• **Your assignment**: Every line from the one holding "Women's Majestic New" through the one holding "HONEY BEY /" in the data below must be returned exactly, both ends included, with pictures left out and nothing else added.

┄┄┄┄┄┄┄┄┄┄

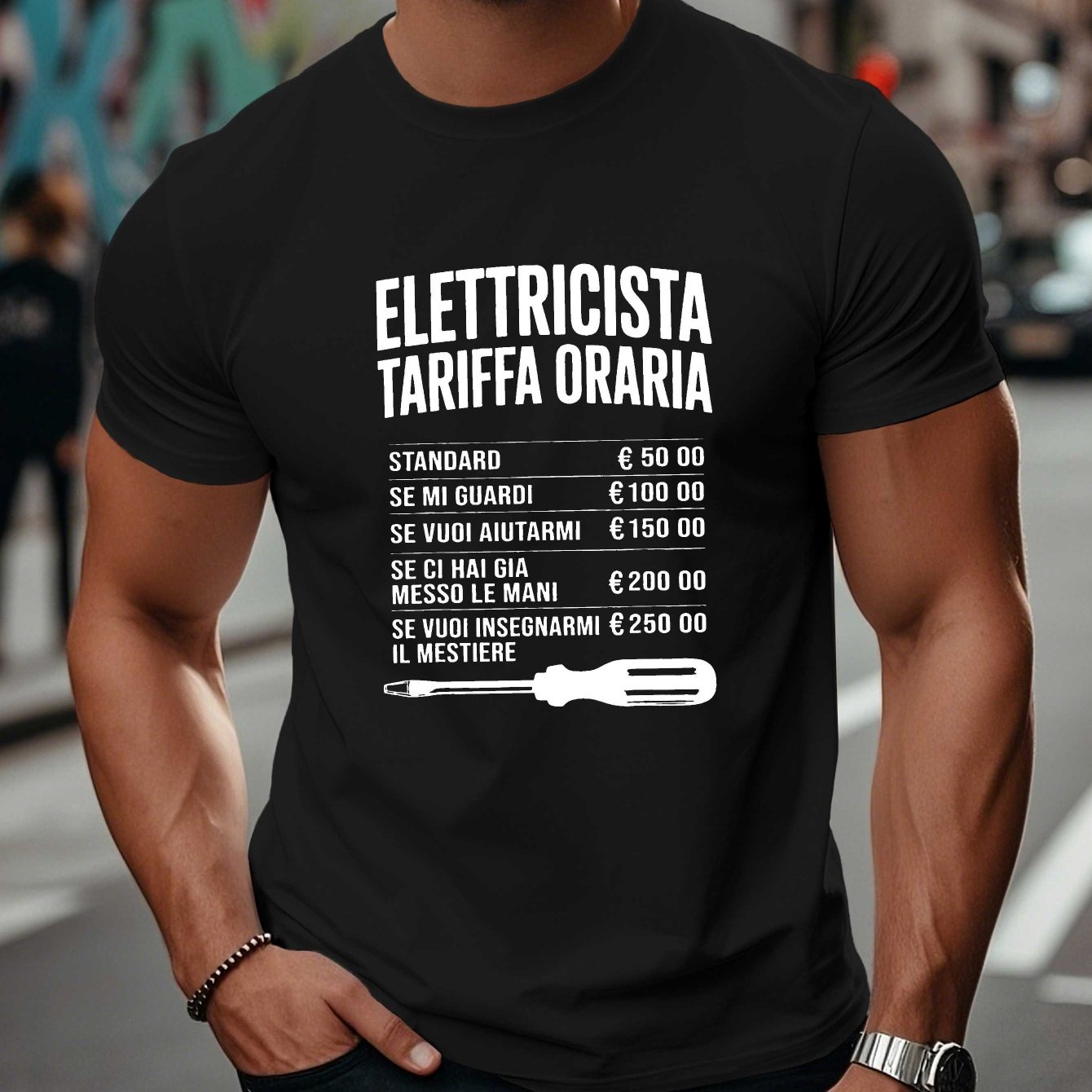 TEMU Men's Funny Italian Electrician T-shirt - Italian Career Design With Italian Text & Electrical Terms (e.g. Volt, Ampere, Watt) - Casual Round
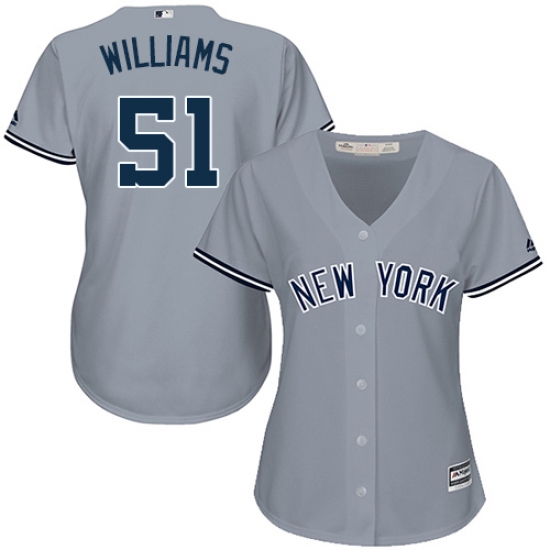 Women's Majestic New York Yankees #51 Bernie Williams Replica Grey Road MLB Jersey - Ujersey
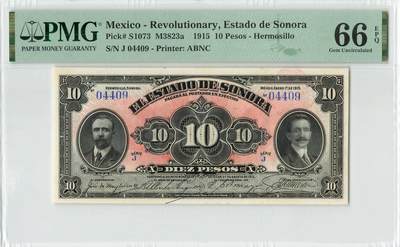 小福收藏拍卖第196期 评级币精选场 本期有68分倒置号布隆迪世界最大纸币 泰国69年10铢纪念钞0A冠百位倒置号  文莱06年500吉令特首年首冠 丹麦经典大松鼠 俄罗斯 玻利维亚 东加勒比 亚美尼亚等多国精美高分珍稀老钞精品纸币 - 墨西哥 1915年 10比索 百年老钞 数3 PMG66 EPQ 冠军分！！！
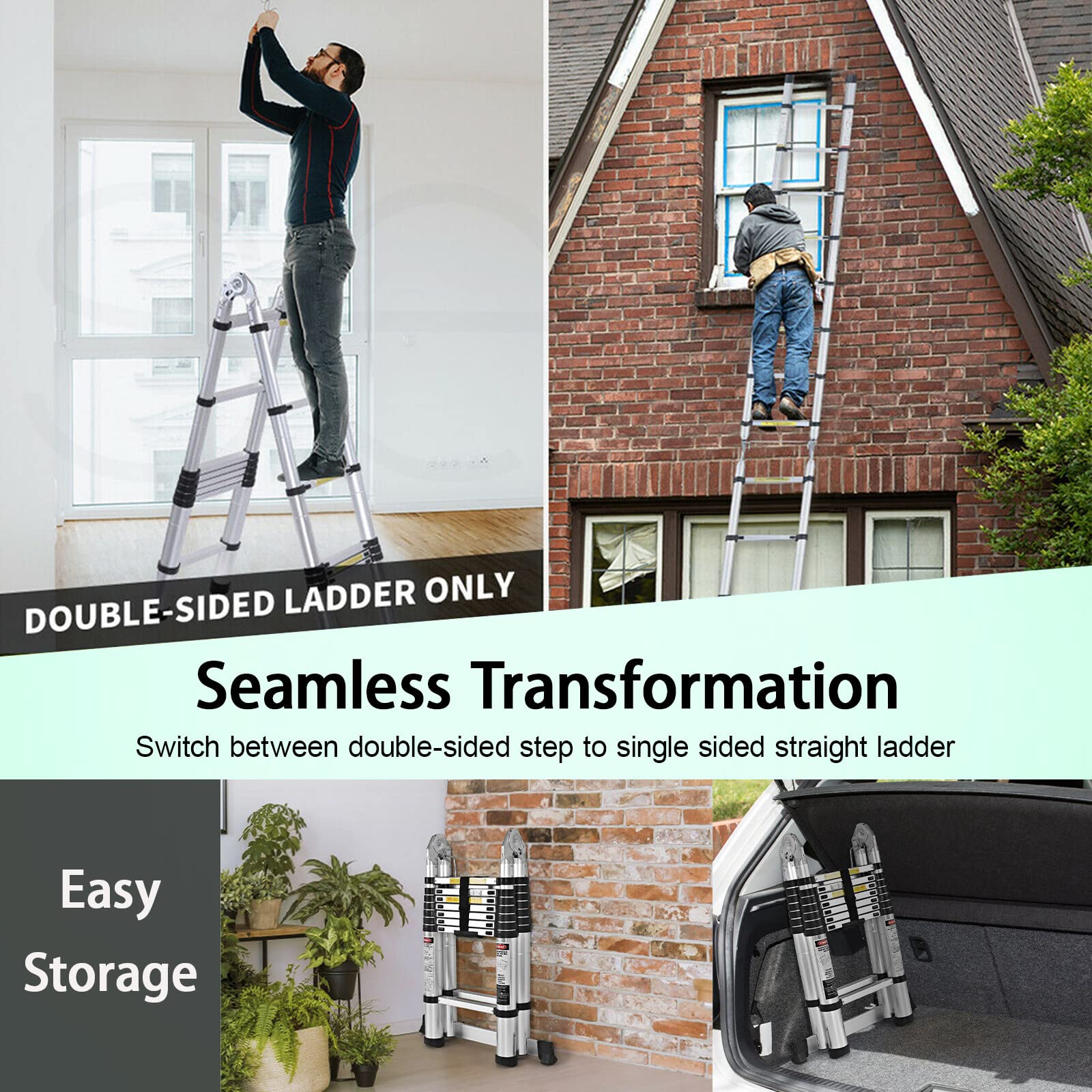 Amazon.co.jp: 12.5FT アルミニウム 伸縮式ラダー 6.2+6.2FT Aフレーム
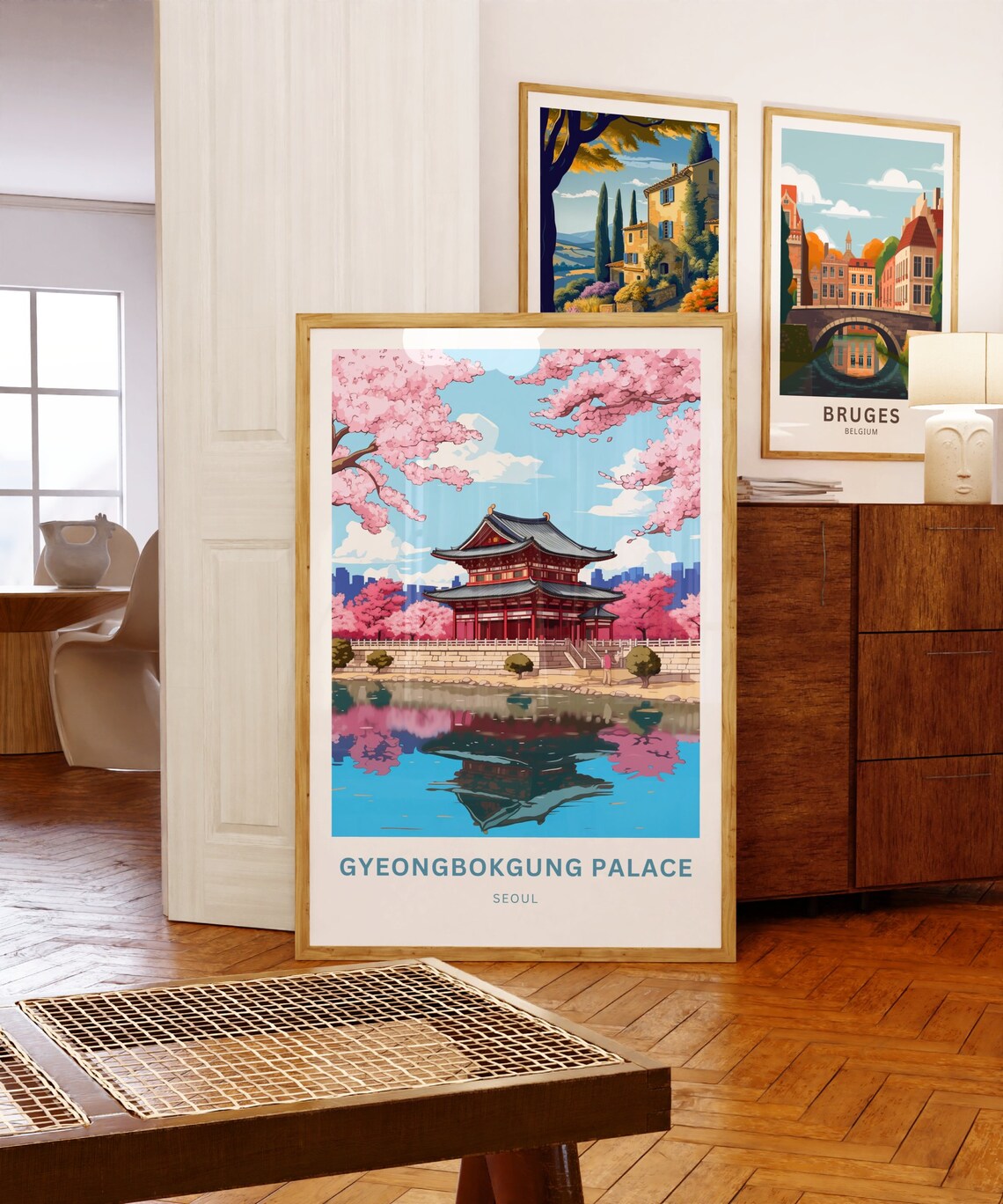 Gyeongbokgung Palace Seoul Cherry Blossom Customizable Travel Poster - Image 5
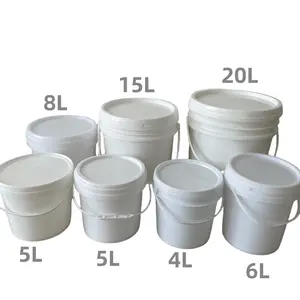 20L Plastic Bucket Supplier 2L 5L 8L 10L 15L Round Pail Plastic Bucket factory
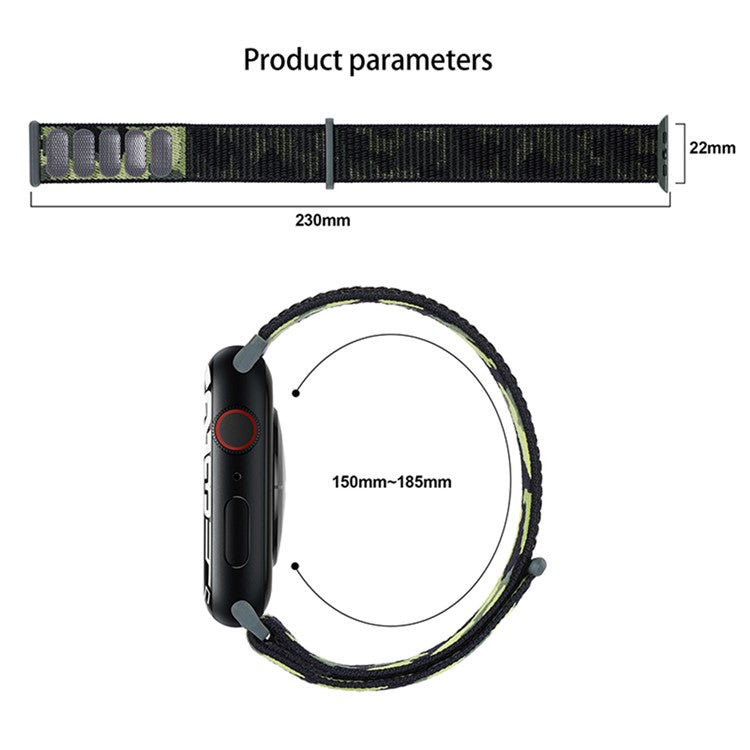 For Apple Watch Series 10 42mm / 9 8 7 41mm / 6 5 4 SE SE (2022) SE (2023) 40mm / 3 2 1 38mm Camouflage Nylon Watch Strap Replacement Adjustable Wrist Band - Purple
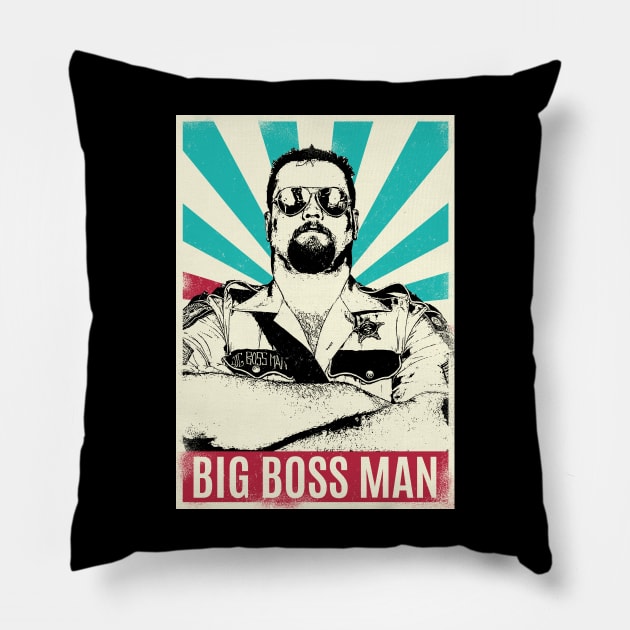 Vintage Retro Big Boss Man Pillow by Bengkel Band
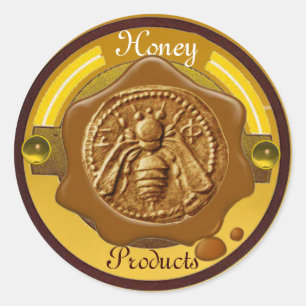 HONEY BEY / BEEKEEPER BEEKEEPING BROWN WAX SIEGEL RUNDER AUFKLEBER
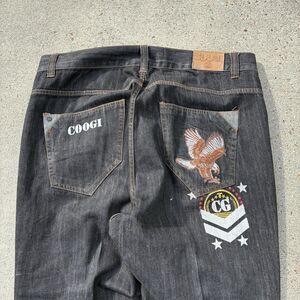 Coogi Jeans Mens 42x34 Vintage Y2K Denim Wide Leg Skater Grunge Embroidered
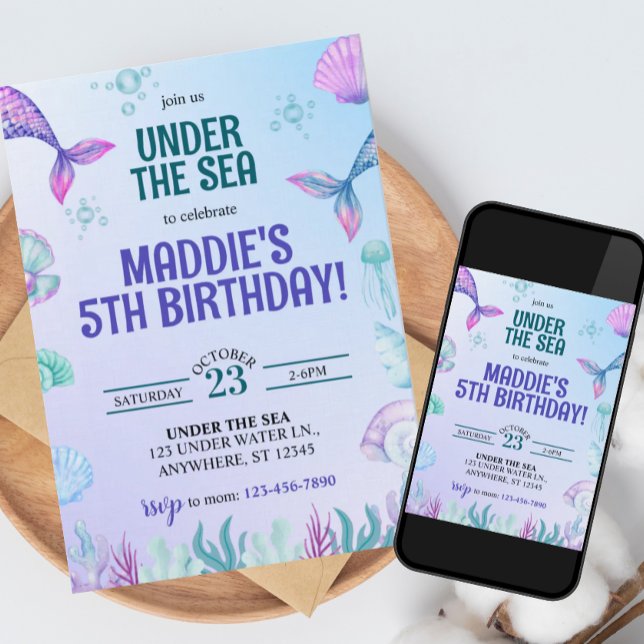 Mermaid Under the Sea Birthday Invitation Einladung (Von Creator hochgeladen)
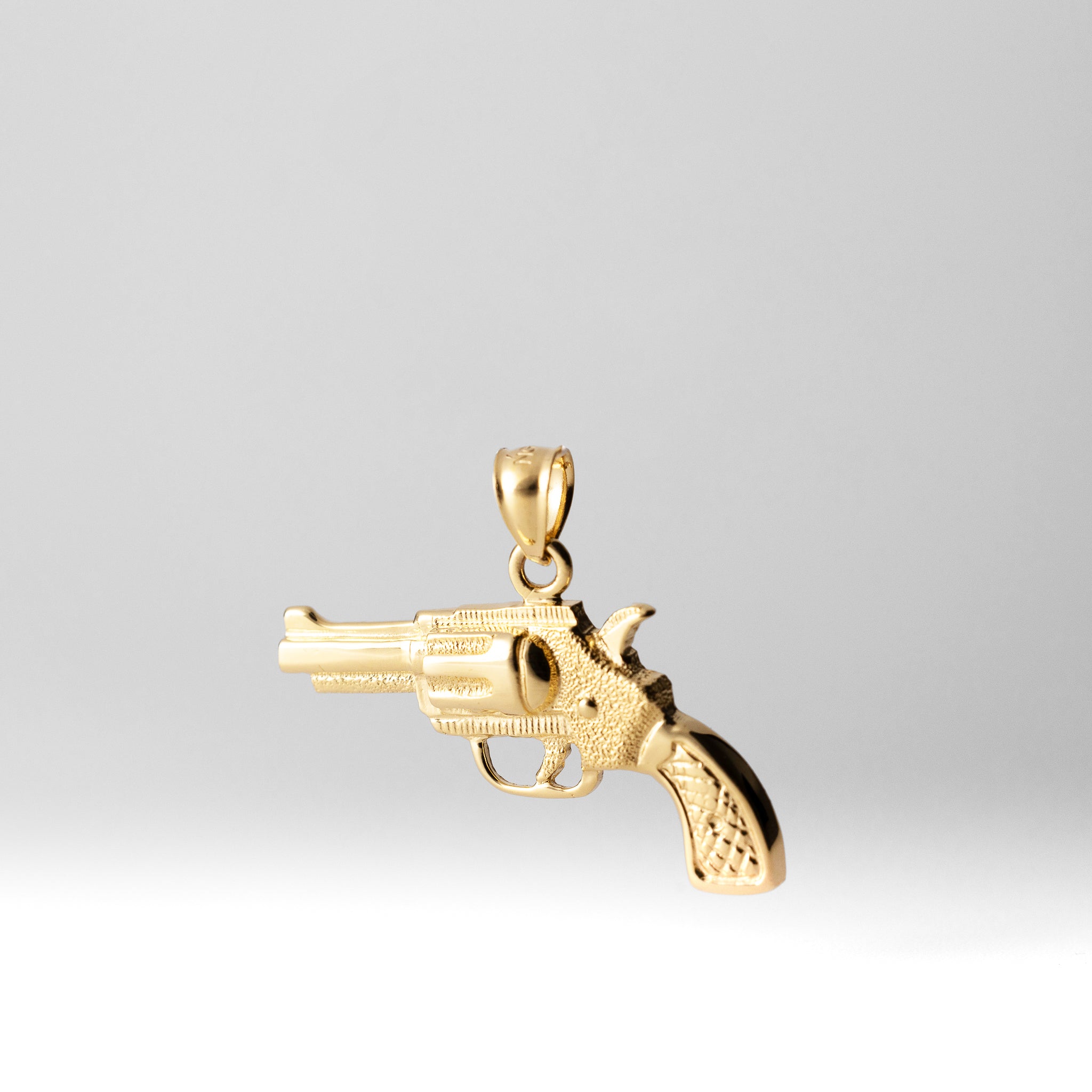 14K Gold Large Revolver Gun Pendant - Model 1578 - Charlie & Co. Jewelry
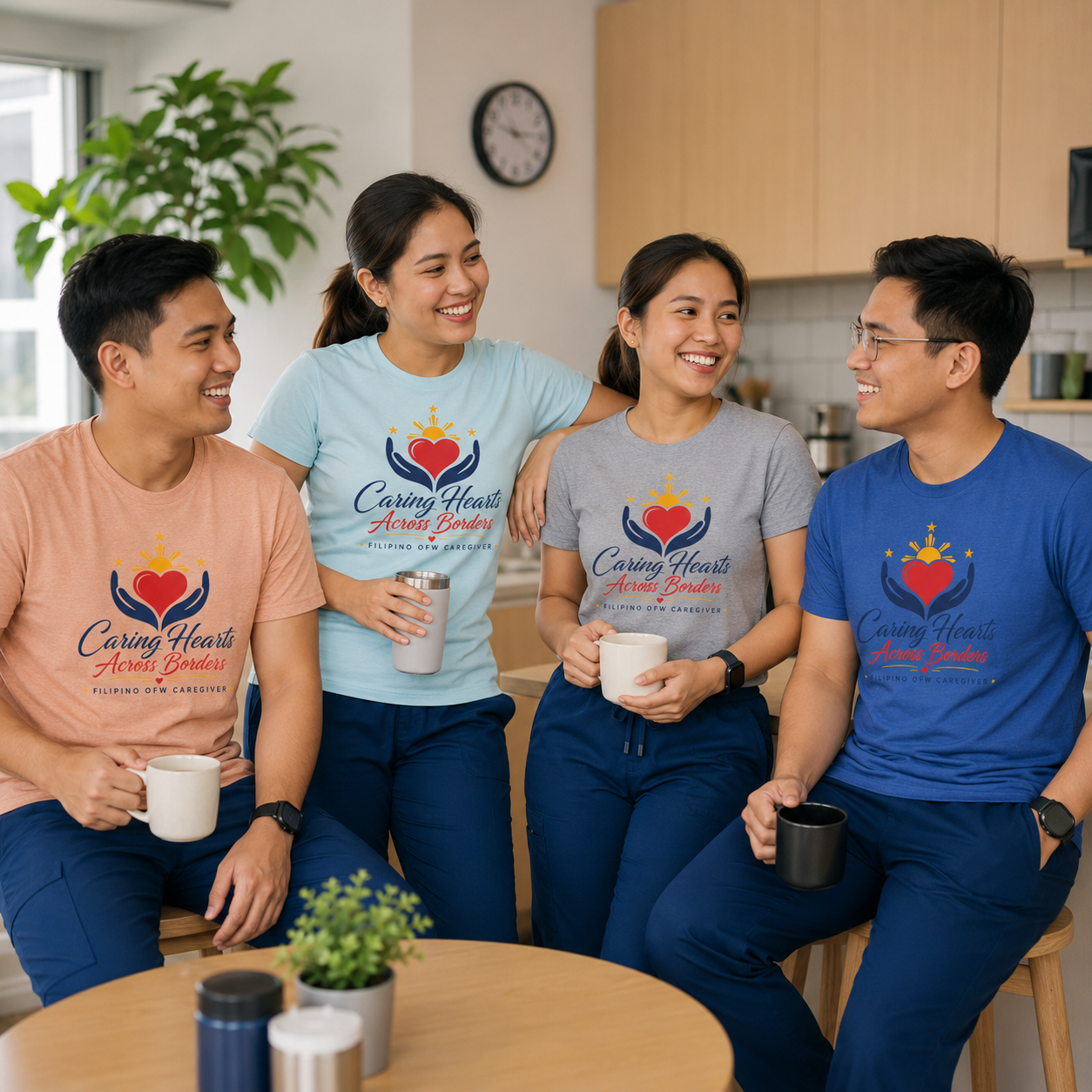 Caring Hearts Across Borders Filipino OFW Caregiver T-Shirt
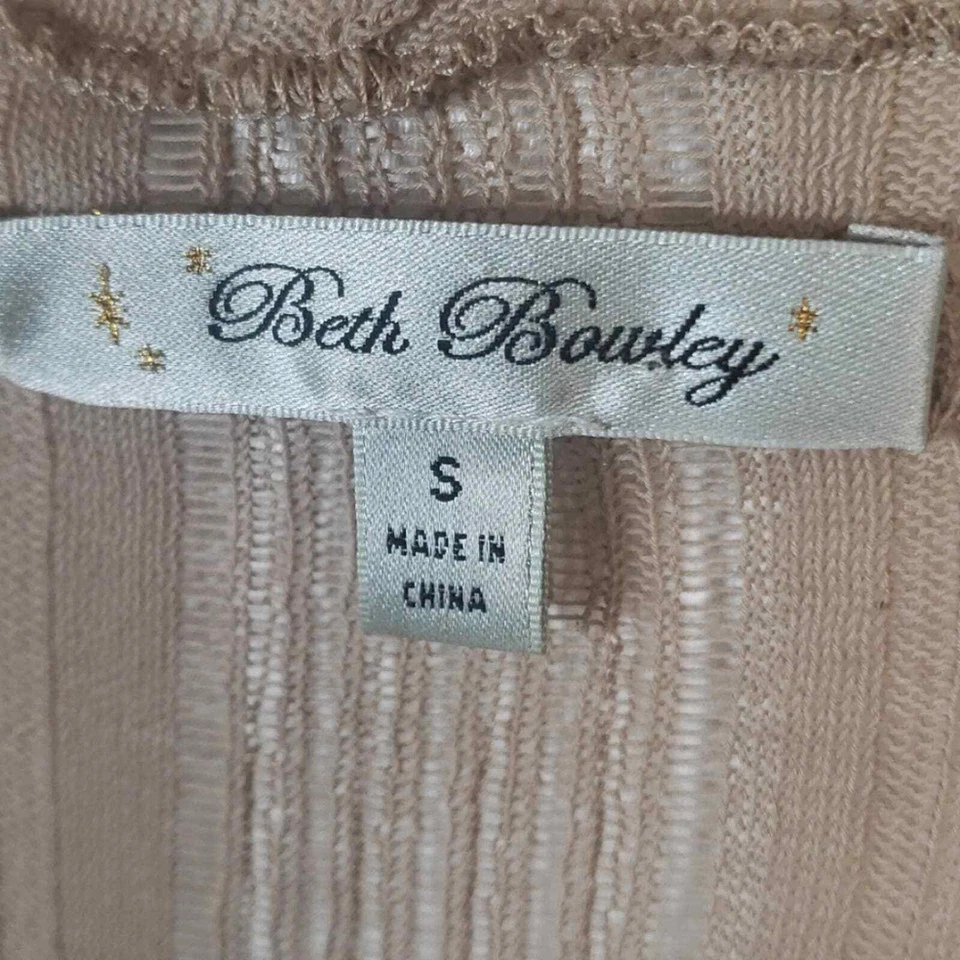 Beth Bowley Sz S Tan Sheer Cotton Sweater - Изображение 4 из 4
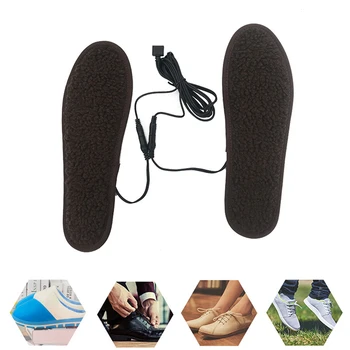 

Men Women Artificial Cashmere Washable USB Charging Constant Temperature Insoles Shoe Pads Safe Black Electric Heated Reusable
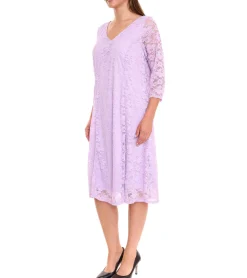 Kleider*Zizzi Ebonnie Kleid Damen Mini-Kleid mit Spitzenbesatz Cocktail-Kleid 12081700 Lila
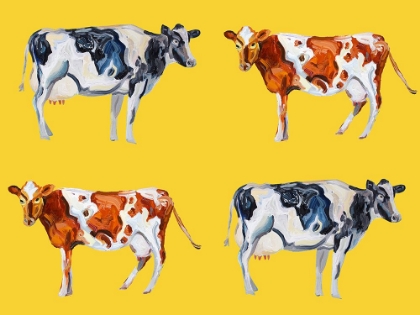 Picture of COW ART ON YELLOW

┄┄┄┄┄┄┄┄┄┄

• **Result for this exercise**:
 Women's Majestic New York Yankees #51 Bernie Williams Replica Grey Road MLB Jersey - Ujersey
 小福收藏拍卖第196期 评级币精选场 本期有68分倒置号布隆迪世界最大纸币 泰国69年10铢纪念钞0A冠百位倒置号  文莱06年500吉令特首年首冠 丹麦经典大松鼠 俄罗斯 玻利维亚 东加勒比 亚美尼亚等多国精美高分珍稀老钞精品纸币 - 墨西哥 1915年 10比索 百年老钞 数3 PMG66 EPQ 冠军分！！！
 Amazon.co.jp: 12.5FT アルミニウム 伸縮式ラダー 6.2+6.2FT Aフレーム
 Gyeongbokgung Palace Seoul Cherry Blossom Customizable Travel Poster - Image 5
 20L Plastic Bucket Supplier 2L 5L 8L 10L 15L Round Pail Plastic Bucket factory
 For Apple Watch Series 10 42mm / 9 8 7 41mm / 6 5 4 SE SE (2022) SE (2023) 40mm / 3 2 1 38mm Camouflage Nylon Watch Strap Replacement Adjustable Wrist Band - Purple
 Vintage Retro Big Boss Man Pillow by Bengkel Band
 HONEY BEY / BEEKEEPER BEEKEEPING BROWN WAX SIEGEL RUNDER AUFKLEBER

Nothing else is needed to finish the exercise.